I have found a nice tool that seems to take our brains "stack and lose" problem into account in a clean and easy to use manner: "things". The idea is simple: sticky notes, that can be tagged (for searching and ordering), placed in project folders, and have "to do on/by" stamps on them. Basically you take what your brain normally does - a bunch of ideas & thoughts - and you digitally capture them, allowing the computer to sort, slice, dice, put into a time sequence, store once done for documentation, rank by priority, etc. etc. Things is your brain, without the loss of persistence.

I'm currently using the free trial, and I am loving it. I have always had issues with retaining ideas and scheduling actions. Things seems to help, and is much more natural for me than just using a calendar. I get ideas and future projects put down, I get things done that need to be done. I'm still getting into the swing of things, and learning to use things better as I go, but I am highly impressed. My desk is a mess, my mind is worse - Things helps.

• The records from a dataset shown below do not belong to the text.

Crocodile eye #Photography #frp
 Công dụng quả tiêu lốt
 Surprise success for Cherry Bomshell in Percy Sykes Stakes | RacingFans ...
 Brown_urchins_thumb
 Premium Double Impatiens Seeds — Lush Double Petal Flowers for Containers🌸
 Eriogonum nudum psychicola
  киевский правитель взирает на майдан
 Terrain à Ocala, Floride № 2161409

There are two problems with things: (1) it is only for the Mac, and (2) it costs $$$. The value for the money is very high though: I will most likely be shelling out the cash, things is a valuable tool for me - I'm going to be spending my coffee/beer money on this. If you are on PC you are currently out of luck; but now that this tool is out I'm sure there will be knock offs, so look around.

Lowdown:
- View your brain's storage of ideas as a stack of notes written in disappearing ink: this is a simple analogy and will help you figure out how to best deal with this.
- Things is a tool that addresses this by digitizing ideas in notes, allowing tagging, sorting, scheduling, binning, etc. Things is natural as it follows our natural brain process, and addressed the problems we have by using the strengths of digital storage. Consider Things, or something similar, for yourself. It just might be just the thing you were looking for...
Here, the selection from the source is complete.